Choopa (Constant.com) have been great for us. Best of Luck with them.


----------



## concerto49 (Nov 11, 2013)

Is great that the migration has been smooth this time. Compared to all the Vegas issues I mean.


----------



## Francisco (Nov 11, 2013)

concerto49 said:


> Is great that the migration has been smooth this time. Compared to all the Vegas issues I mean.


Blah blah blah you guys rag on our Vegas move but you realize we completely replaced the network on the 2nd day of time there? We also replaced all the motherboards in the KVM's on said 2nd day to IPMI powered boards.

We installed a completely new router ontop of that 

The NJ move was simple. The biggest project besides the move was replacing some bad drives.

Francisco


----------



## concerto49 (Nov 11, 2013)

Francisco said:


> Blah blah blah you guys rag on our Vegas move but you realize we completely replaced the network on the 2nd day of time there? We also replaced all the motherboards in the KVM's on said 2nd day to IPMI powered boards.
> 
> 
> We installed a completely new router ontop of that
> ...


I was more referring to the power issues that had nothing to do with you. Stop being over sensitive


----------



## Francisco (Nov 11, 2013)

concerto49 said:


> I was more referring to the power issues that had nothing to do with you. Stop being over sensitive


Far too many people go on that the Vegas stuff was done poorly on our end though, not the breaker 

It was a ton of work and we were dumb thinking the 2 of us could do it all without more time.

We did get it done but it was *hell*.

NJ was a nice drive though. New York state was meh but New Jersey was surprisingly pretty.

Francisco


----------



## MannDude (Nov 11, 2013)

Francisco said:


> Far too many people go on that the Vegas stuff was done poorly on our end though, not the breaker
> 
> 
> It was a ton of work and we were dumb thinking the 2 of us could do it all without more time.
> ...




Did New Jersey smell like spray-tan lotion and hair gel?


----------



## peterw (Nov 12, 2013)

You need stock in New Jersy too.


----------



## Aldryic C'boas (Nov 12, 2013)

peterw said:


> You need stock in New Jersy too.


That'll be coming in the next 15 minutes or so, actually.


----------



## shunny (Nov 12, 2013)

I am so looking forward to the stock in New Jersey


----------



## Aldryic C'boas (Nov 12, 2013)

Heh, sorry, took a little longer than expected.  Had to go and deal with an abuse issue - Jersey is now stocked.


----------



## clarity (Nov 12, 2013)

Hey @Aldryic, do you guys own doesbuyvmhavestock.com? If so, you might want to change those tabs for stock.


----------



## shunny (Nov 12, 2013)

grabbed one, so excited no more CC.  

Yea on your website too should change to NJ


----------



## Francisco (Nov 12, 2013)

We own doesbuyvmhavestock.

We'll likely close it down in the coming weeks, though. It doesn't get updated as much as it should 

The BuyVM site will get replaced soon too.

Francisco


----------



## Francisco (Nov 12, 2013)

MannDude said:


> Did New Jersey smell like spray-tan lotion and hair gel?

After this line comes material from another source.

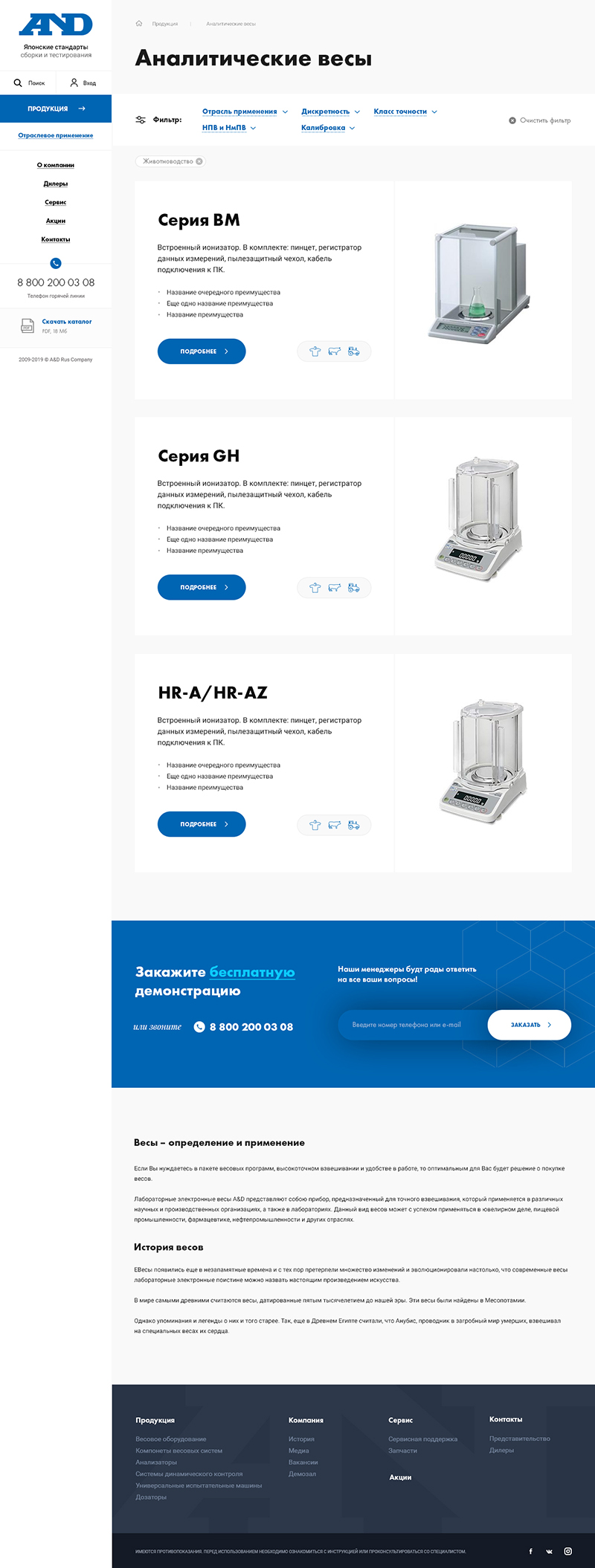 Каталог аналитических весов AND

The Denny's did. We got outside and there was a half dozen people gathered around a car with the speakers really loud smoking weed.

Francisco


----------



## Ruchirablog (Nov 12, 2013)

Francisco said:


> We'll likely close it down in the coming weeks, though.

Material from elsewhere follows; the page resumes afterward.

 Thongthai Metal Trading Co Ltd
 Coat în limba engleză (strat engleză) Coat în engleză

nah don't do that  :angry:


----------



## MannDude (Nov 12, 2013)

Sweet, stock is available. I may have to pick one of these up 

Sounds like, from everything I've read, that the move to Choopa direct has been an upgrade for your clients... network wise. Now that you're out of CC and my purchase won't indirectly feed anyone at CC I'm happy to have yet another trustworthy provider option on the East coast.


----------



## Aldryic C'boas (Nov 12, 2013)

MannDude said:


> Sweet, stock is available. I may have to pick one of these up
> 
> Sounds like, from everything I've read, that the move to Choopa direct has been an upgrade for your clients... network wise. Now that you're out of CC and my purchase won't indirectly feed anyone at CC I'm happy to have yet another trustworthy provider option on the East coast.


Pretty much.  Network has been a 100% improvement for everyone, with a minor exception of a few CA clients.  That turned out to be a Bell Canada issue, and got resolved earlier today.. so now everyone's golden


----------



## The_Hatta (Nov 13, 2013)

Aldryic C said:


> Pretty much.  Network has been a 100% improvement for everyone, with a minor exception of a few CA clients.  That turned out to be a Bell Canada issue, and got resolved earlier today.. so now everyone's golden


Shit I could have told you that >_> Happened yesterday, bell broke their internal routing causing all their gas clients to get a$s raped...


----------